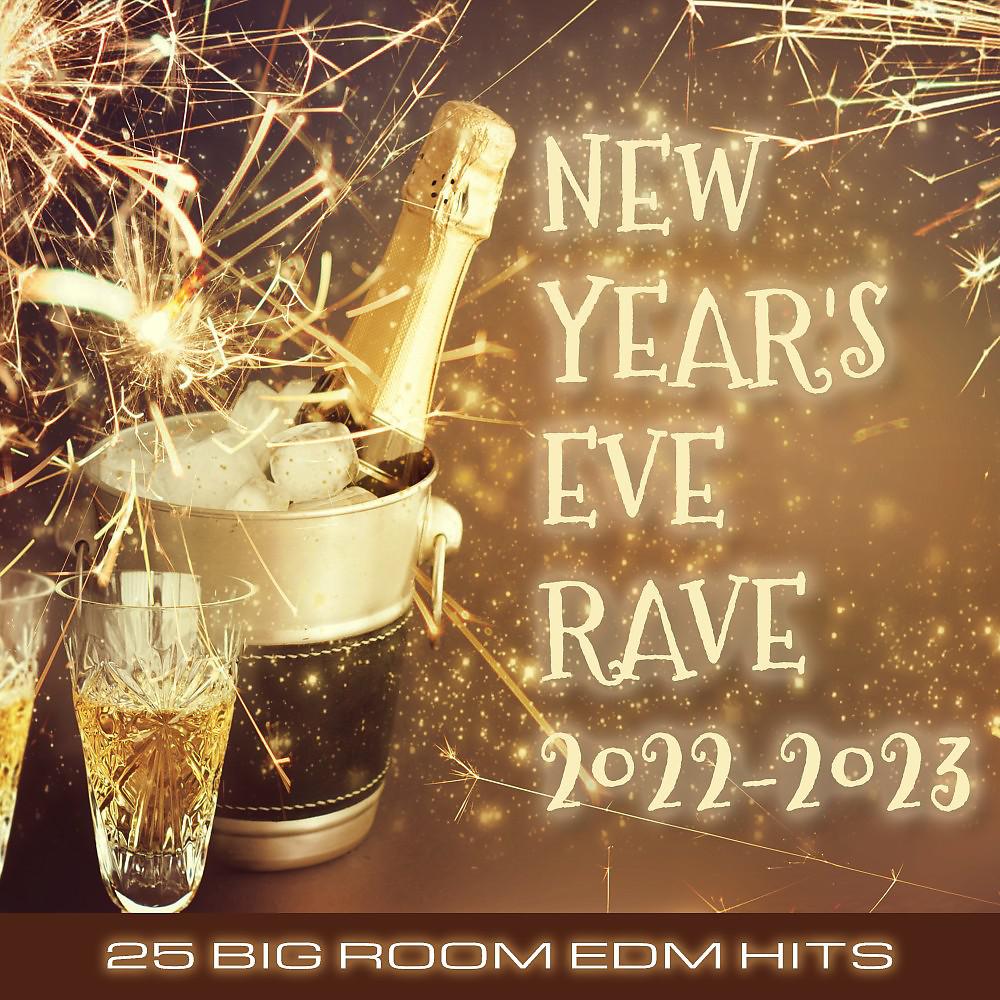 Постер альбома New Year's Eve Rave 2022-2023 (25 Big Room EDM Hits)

# # #

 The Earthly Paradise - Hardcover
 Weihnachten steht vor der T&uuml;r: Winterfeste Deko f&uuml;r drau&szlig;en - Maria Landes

# # #

# [Exercise requirements]
What you return should be exactly the lines above, starting at the one with "The Earthly Paradise - Hardcover" and ending at the one with "Weihnachten steht vor", and nothing else.

# [Solution]
 The Earthly Paradise - Hardcover
 Weihnachten steht vor der T&uuml;r: Winterfeste Deko f&uuml;r drau&szlig;en - Maria Landes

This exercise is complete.